*DIRECTIONS FOR THIS TASK*: Please retype the records below exactly, leaving out any pictures.

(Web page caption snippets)
━━━━━━━━

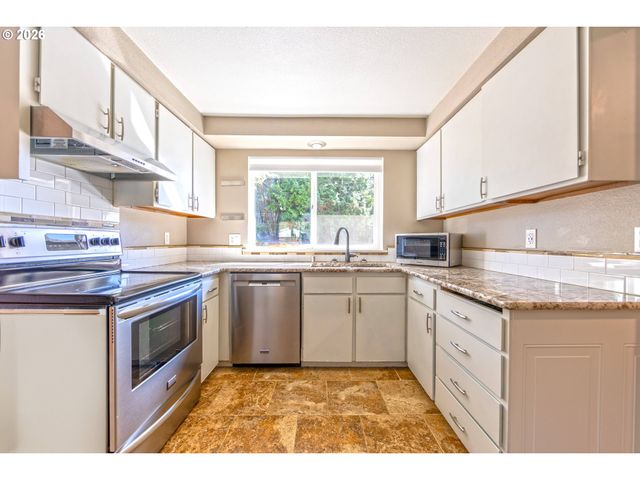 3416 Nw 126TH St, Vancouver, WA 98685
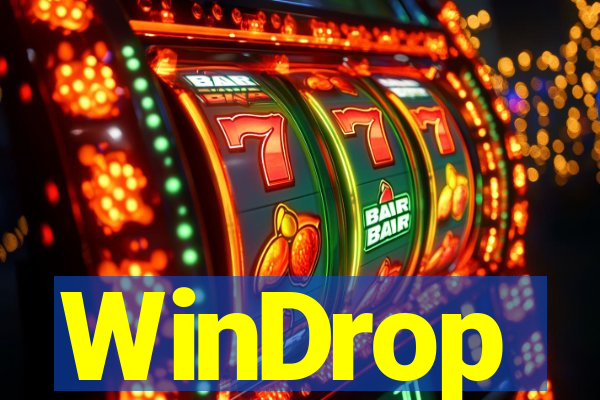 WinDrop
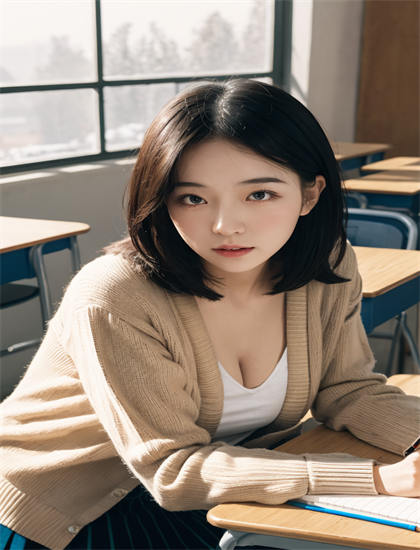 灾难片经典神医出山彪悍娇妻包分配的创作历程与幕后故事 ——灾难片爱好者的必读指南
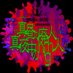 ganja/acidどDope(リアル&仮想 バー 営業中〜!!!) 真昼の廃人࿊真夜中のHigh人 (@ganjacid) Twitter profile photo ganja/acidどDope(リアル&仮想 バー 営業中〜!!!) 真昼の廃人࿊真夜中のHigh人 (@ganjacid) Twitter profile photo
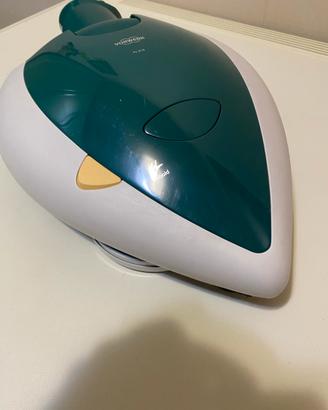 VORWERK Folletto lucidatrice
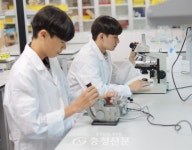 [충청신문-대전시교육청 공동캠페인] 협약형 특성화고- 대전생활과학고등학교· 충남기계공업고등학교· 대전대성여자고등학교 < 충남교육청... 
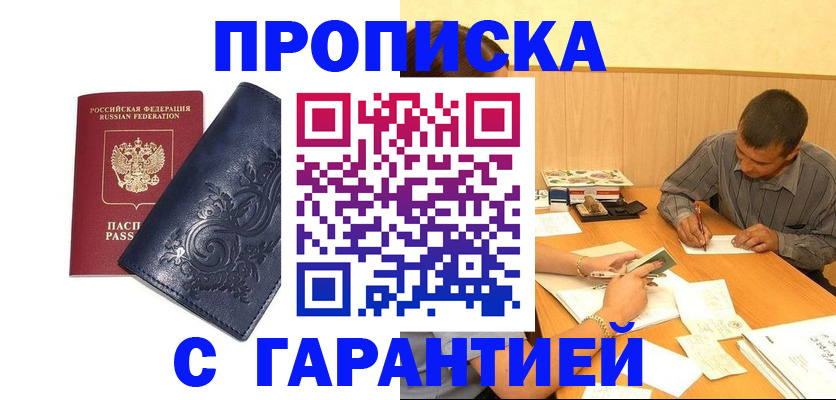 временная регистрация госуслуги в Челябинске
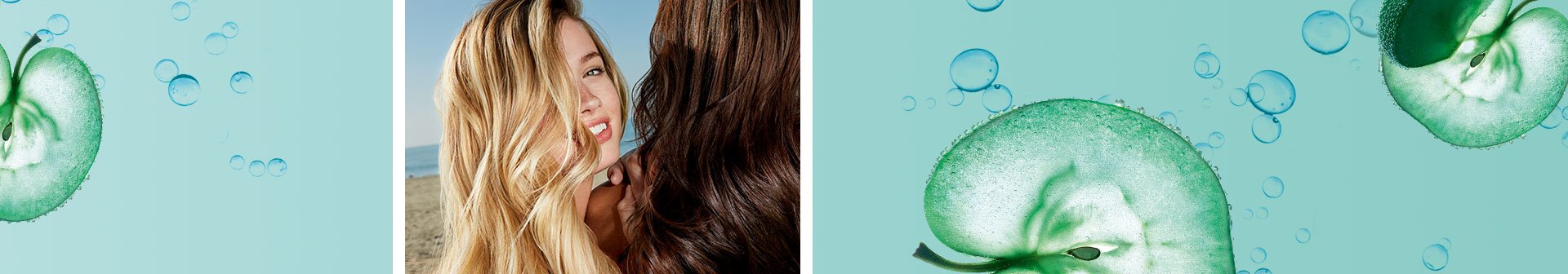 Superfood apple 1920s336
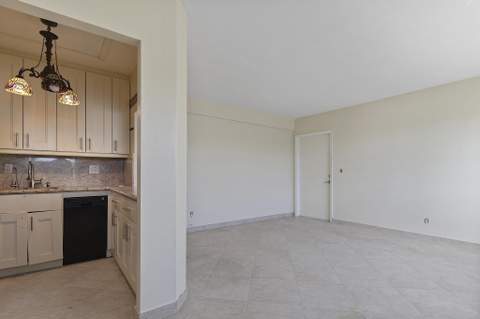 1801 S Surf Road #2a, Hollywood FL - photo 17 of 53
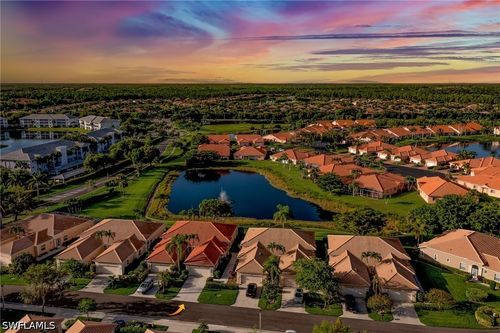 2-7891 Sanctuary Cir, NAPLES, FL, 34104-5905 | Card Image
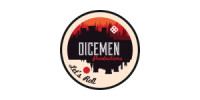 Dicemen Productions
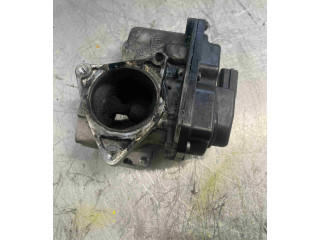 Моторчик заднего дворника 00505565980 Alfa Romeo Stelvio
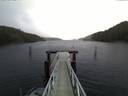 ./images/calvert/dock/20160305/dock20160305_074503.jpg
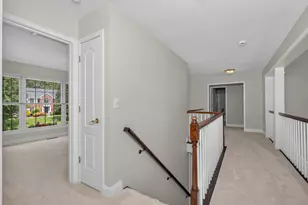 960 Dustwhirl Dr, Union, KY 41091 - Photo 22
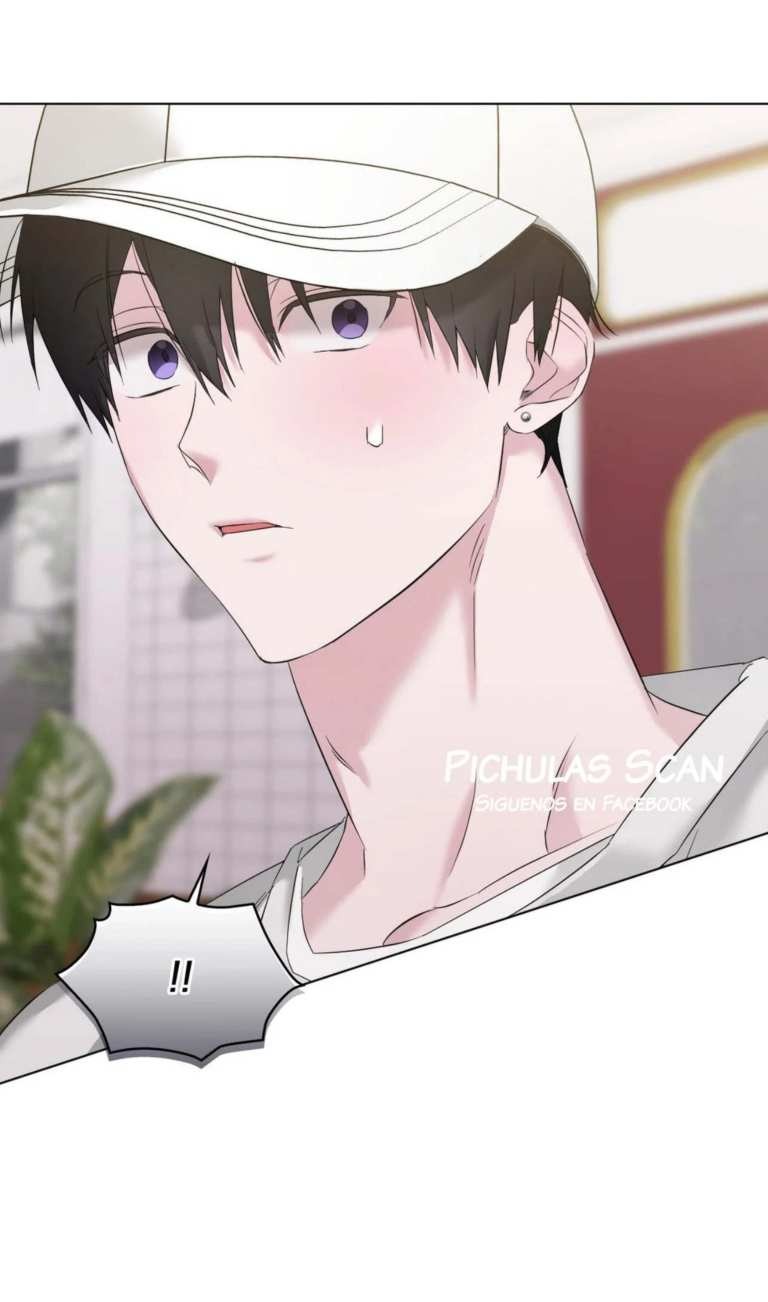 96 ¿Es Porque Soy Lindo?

━━━━━━━━

*WRITTEN SOLUTION*:
 3416 Nw 126TH St, Vancouver, WA 98685
 WinDrop
 灾难片经典神医出山彪悍娇妻包分配的创作历程与幕后故事 ——灾难片爱好者的必读指南
 ganja/acidどDope(リアル&仮想 バー 営業中〜!!!) 真昼の廃人࿊真夜中のHigh人 (@ganjacid) Twitter profile photo ganja/acidどDope(リアル&仮想 バー 営業中〜!!!) 真昼の廃人࿊真夜中のHigh人 (@ganjacid) Twitter profile photo
 VORWERK Folletto lucidatrice
 [충청신문-대전시교육청 공동캠페인] 협약형 특성화고- 대전생활과학고등학교· 충남기계공업고등학교· 대전대성여자고등학교 < 충남교육청... 
 временная регистрация госуслуги в Челябинске
 Superfood apple 1920s336
 1801 S Surf Road #2a, Hollywood FL - photo 17 of 53
 2-7891 Sanctuary Cir, NAPLES, FL, 34104-5905 | Card Image
 Dicemen Productions
 Моторчик заднего дворника 00505565980 Alfa Romeo Stelvio
 ./images/calvert/dock/20160305/dock20160305_074503.jpg
 960 Dustwhirl Dr, Union, KY 41091 - Photo 22
 96 ¿Es Porque Soy Lindo?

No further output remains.